Kim Wilkins’ debut horror novel, The Infernal (1997) won Aurealis Awards for both horror and fantasy. Her other supernatural thrillers include: Grimoire (1999), The Resurrectionists (2000), Angel of Ruin (2001), The Autumn Castle (2003), Giants of the Frost (2004), and Rosa and the Veil of Gold (2005). She has also written the Gina Champion mystery series for young adults (2000-2006) and the Fantastica Sunken Kingdom quartet for children (2006). She writes general women’s fiction as Kimberley Freeman and she blogs at: http://fantasticthoughts.wordpress.com/
1. Your first novel, “The Infernal’ was first published in 1997, won both the Horror and Fantasy Aurealis Award that year, and will be republished this March by Ticonderoga Publications as a limited edition hardcover. How have you felt revisiting this book over a decade after your first wrote it?
I was pleasantly surprised in some ways. I very much liked the love triangle in the contemporary portion of the plot. I can see that the story has great narrative pull, and some of my sentences are nicely crafted. But generally I felt as though I was looking at photographs of myself as a teenager. I felt awkward. I can see where I was trying too hard. Of course, it’s only me who can see that (I hope!) and it was the book that started it all for me, so there’s a lot of affection in me for it. I can’t wait to see the hardcover. I feel very blessed that Ticonderoga have singled it out.
2. Your most recent books, ‘Duet’ and ‘Gold Dust’, are not speculative fiction at all. What motivated you to move into more mainstream fiction? Do you see similarities (and/or particular differences) in the characters that you write in you speculative and non-speculative novels?
I was burnt out on SF. I’d just written three research-dense sagas. Every idea I came up with sounded like an idea I’d had before. But I still needed to earn a living. So I talked to my agent and we got chatting about books we’d loved in the 80s and remembered all those fabulous women’s stories with improbable plots like Lace and Princess Daisy. I thought it might be enjoyable to write a contemporary version of one of those. It was enormous fun, and the first one did very well so I was soon contracted for more. I think I write very similar characters in the Kimberley Freeman books, but the plots are so different and I had to learn to manage pace all over again. I couldn’t just throw in a ghost if the narrative dragged. I think I’m a better writer for having done it, and it’s also set me free from being restricted to the SF genre. I’ve since written a historical novel for young adults and I’m very happy ranging about in other genres. But fantasy is my spiritual home.

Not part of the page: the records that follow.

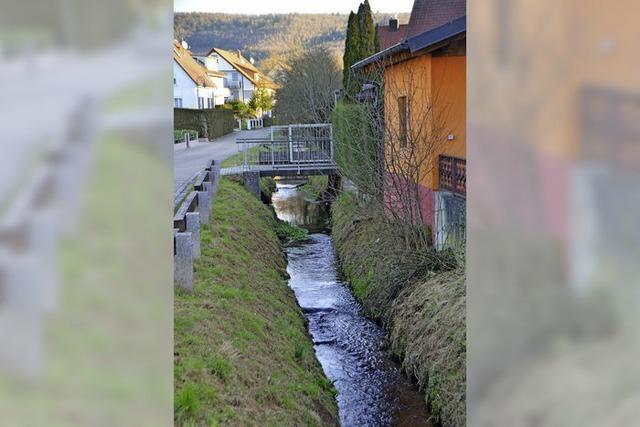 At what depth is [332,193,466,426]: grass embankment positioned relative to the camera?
7754mm

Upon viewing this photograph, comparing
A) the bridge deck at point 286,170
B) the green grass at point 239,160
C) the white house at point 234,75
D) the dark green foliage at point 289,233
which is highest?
the white house at point 234,75

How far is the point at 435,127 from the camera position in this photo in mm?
11664

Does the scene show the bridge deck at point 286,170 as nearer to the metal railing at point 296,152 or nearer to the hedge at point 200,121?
the metal railing at point 296,152

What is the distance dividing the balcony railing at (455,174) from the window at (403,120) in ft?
3.24

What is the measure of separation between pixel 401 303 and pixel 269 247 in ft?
16.3

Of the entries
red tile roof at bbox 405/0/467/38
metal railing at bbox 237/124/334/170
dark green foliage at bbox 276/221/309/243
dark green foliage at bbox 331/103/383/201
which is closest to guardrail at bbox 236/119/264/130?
metal railing at bbox 237/124/334/170

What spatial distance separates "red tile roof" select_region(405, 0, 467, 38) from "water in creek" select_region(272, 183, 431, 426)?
590cm

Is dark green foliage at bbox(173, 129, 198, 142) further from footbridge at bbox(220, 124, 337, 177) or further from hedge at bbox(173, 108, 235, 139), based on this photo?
footbridge at bbox(220, 124, 337, 177)

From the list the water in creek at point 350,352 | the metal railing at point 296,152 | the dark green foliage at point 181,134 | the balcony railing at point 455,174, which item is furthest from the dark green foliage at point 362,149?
the dark green foliage at point 181,134

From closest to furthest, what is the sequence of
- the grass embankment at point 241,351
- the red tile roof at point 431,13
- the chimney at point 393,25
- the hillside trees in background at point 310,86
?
the grass embankment at point 241,351
the red tile roof at point 431,13
the chimney at point 393,25
the hillside trees in background at point 310,86

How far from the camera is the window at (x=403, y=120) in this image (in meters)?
12.7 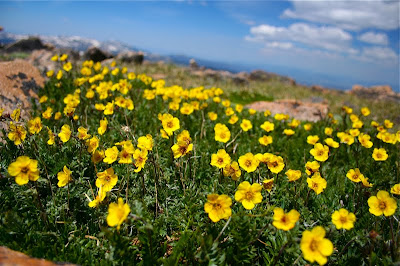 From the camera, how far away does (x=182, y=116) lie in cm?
500

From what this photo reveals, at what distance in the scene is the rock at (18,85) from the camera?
179 inches

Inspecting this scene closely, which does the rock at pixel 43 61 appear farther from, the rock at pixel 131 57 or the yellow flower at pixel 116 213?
the rock at pixel 131 57

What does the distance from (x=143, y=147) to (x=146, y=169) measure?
23.8 inches

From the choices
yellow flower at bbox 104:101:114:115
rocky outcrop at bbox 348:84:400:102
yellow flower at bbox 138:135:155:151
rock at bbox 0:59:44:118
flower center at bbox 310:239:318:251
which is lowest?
flower center at bbox 310:239:318:251

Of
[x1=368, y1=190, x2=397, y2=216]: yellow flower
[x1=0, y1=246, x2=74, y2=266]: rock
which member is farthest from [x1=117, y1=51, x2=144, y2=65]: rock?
[x1=368, y1=190, x2=397, y2=216]: yellow flower

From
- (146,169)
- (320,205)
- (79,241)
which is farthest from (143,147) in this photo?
(320,205)

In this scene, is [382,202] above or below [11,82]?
below

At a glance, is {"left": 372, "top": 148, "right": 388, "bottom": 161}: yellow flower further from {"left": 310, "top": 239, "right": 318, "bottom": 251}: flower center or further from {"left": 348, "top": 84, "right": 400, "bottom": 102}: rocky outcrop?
{"left": 348, "top": 84, "right": 400, "bottom": 102}: rocky outcrop

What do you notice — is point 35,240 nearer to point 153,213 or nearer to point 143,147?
point 153,213

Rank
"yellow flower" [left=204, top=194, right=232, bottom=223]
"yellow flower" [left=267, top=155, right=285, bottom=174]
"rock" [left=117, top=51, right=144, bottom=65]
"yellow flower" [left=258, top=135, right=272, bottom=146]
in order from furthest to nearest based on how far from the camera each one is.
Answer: "rock" [left=117, top=51, right=144, bottom=65] < "yellow flower" [left=258, top=135, right=272, bottom=146] < "yellow flower" [left=267, top=155, right=285, bottom=174] < "yellow flower" [left=204, top=194, right=232, bottom=223]

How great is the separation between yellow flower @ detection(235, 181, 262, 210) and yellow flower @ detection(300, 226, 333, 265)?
0.46 meters

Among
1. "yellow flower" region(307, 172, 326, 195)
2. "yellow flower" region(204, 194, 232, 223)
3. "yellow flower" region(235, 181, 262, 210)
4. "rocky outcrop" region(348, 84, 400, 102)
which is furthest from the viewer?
"rocky outcrop" region(348, 84, 400, 102)

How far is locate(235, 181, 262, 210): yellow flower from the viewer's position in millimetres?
A: 2062

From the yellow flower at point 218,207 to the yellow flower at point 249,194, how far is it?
0.59ft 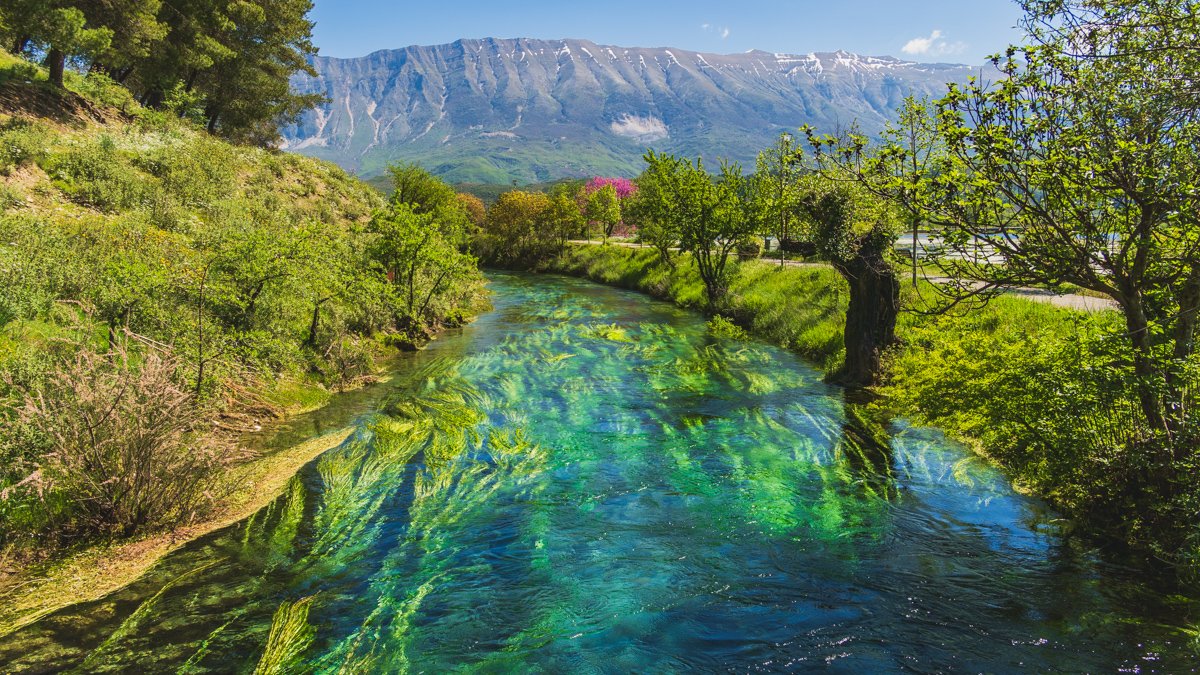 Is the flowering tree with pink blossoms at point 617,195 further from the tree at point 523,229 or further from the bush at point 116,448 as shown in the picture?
the bush at point 116,448

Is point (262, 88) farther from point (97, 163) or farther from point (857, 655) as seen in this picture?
point (857, 655)

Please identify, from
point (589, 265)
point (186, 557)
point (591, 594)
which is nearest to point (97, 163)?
point (186, 557)

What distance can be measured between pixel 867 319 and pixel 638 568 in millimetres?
11479

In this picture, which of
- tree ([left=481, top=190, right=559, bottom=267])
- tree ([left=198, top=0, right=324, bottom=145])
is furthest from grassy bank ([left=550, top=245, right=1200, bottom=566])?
tree ([left=481, top=190, right=559, bottom=267])

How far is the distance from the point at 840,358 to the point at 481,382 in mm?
11088

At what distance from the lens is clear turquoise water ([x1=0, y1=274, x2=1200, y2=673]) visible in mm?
6402

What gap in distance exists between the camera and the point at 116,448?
314 inches

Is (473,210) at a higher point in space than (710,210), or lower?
higher

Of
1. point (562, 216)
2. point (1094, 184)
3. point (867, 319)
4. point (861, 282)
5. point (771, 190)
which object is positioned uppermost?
point (562, 216)

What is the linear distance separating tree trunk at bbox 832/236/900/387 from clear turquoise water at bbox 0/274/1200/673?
9.76ft

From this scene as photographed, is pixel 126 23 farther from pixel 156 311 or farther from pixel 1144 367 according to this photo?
pixel 1144 367

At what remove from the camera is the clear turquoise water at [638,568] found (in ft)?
21.0

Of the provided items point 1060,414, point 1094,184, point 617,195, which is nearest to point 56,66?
point 1094,184

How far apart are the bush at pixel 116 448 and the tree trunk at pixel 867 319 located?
605 inches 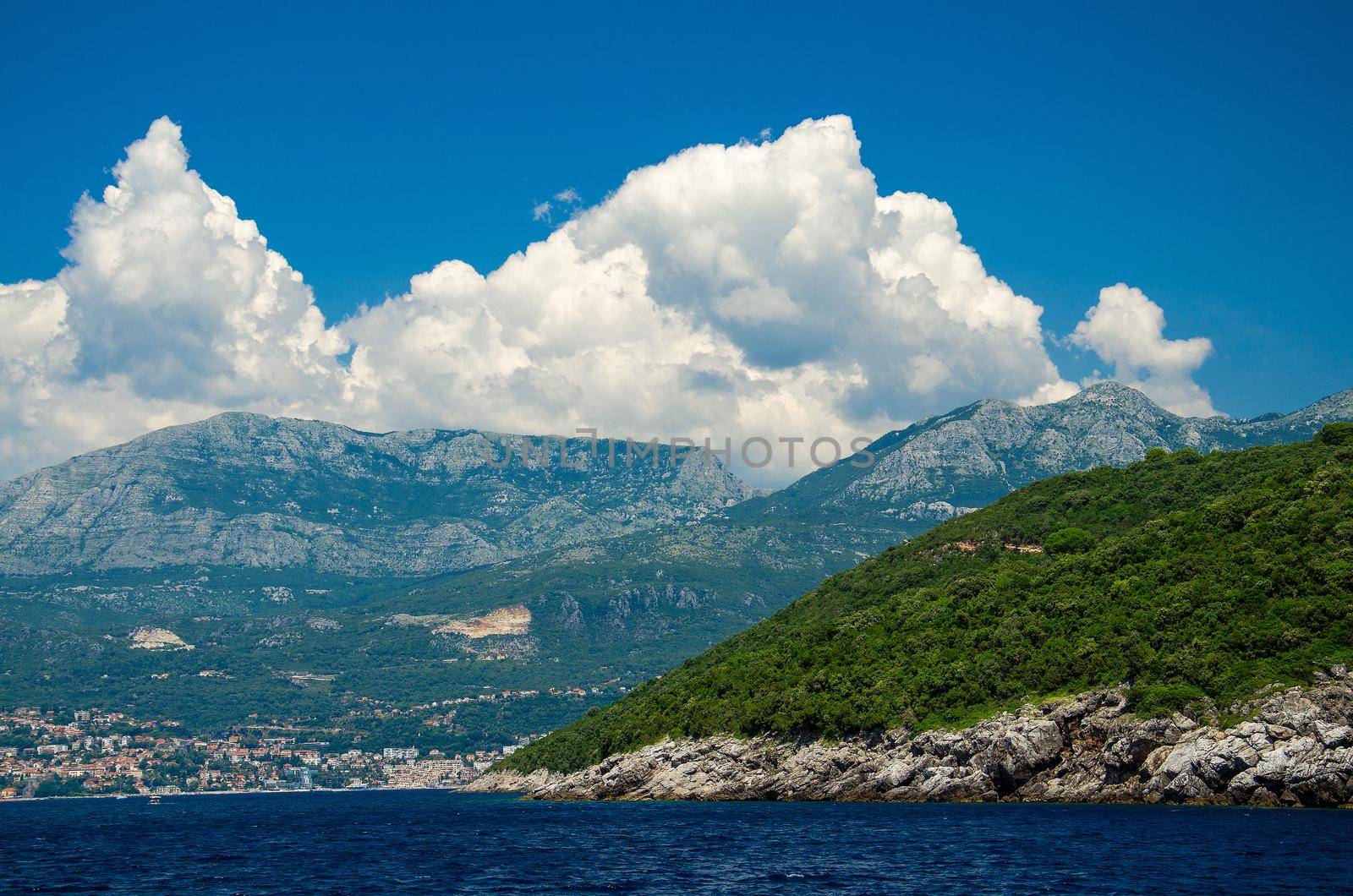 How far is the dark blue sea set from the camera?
71.2m

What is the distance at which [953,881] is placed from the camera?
234ft

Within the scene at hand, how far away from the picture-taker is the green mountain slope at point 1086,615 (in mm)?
113188

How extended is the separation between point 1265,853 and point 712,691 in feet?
331

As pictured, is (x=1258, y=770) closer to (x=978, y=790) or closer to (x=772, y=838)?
(x=978, y=790)

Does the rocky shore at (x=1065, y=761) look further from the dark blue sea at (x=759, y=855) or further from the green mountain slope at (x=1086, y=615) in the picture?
the dark blue sea at (x=759, y=855)

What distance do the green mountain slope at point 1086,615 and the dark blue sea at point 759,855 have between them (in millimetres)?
15102

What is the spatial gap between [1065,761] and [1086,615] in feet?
73.9

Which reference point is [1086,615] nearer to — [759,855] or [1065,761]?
[1065,761]

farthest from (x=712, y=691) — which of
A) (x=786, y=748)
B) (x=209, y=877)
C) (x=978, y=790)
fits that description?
(x=209, y=877)

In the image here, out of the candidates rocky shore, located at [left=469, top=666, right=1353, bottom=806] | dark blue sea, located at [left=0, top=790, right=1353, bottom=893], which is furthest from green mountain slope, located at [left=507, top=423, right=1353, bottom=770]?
dark blue sea, located at [left=0, top=790, right=1353, bottom=893]

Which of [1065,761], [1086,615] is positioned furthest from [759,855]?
[1086,615]

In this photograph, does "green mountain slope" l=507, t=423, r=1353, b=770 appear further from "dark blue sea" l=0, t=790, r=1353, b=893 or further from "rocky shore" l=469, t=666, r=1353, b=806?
"dark blue sea" l=0, t=790, r=1353, b=893

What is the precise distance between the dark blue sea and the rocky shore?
156 inches

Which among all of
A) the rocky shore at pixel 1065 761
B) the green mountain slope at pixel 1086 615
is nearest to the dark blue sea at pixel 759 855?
the rocky shore at pixel 1065 761
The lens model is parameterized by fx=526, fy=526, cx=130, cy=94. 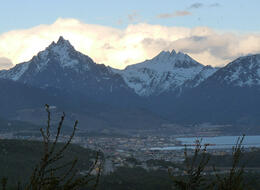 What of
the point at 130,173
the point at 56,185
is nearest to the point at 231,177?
the point at 56,185

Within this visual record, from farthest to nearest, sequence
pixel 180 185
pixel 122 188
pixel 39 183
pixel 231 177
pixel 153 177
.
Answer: pixel 153 177
pixel 122 188
pixel 180 185
pixel 231 177
pixel 39 183

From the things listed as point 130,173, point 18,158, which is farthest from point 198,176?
point 18,158

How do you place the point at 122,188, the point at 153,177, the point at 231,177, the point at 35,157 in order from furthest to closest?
the point at 35,157 → the point at 153,177 → the point at 122,188 → the point at 231,177

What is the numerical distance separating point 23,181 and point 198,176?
129m

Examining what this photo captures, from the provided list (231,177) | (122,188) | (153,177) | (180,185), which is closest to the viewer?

3. You’ve recently returned from a trip to the UK, which I understand was to research your next fantasy series. How was your trip and what inspiration did you gain whilst away?
The trip was wonderful, once I got my head around how different it is travelling with 2 small children as opposed to travelling alone. My current project is an epic historical fantasy novel based loosely on Anglo-Saxon history and culture. So I did an Anglo-Saxon tour of England. I went to Sutton Hoo and West Stow, visited the site of the battle of Maldon, saw the Staffordshire Hoard in the British Museum, saw the Exeter book, and visited a late 10th century church in the middle of freezing nowhere, which still had Old English writing over the door arches. It was mindblowing. I got hugely inspired. My head is full of misty hills and shadowy forests.
4. Which Australian writers or work would you like to see on the Hugo shortlists this year? What have you enjoyed reading?
I would be delighted to see ANY Australian writers on the Hugo shortlists. But I’m particularly partial to the work of Sean Williams and Kate Forsyth (especially as they are close enough to me to go drinking with in celebration). I have read a number of unpublished manuscripts from people I’m mentoring this year, and one of them–a sprawling, beautifully written werewolf epic by a writer named F. Michelle Webster–really caught my attention. It’s the best thing I’ve read in ages. In terms of short story writers, I think Angela Slatter is a genius.
5. Will you be at Aussiecon 4 in September? If so, what are you most looking forward to about it?
Hell, yes, I will be there. The thing I am looking forward to most of all is catching up with friends. The Australian SF community is my tribe, and I am always so happy when I’m among them.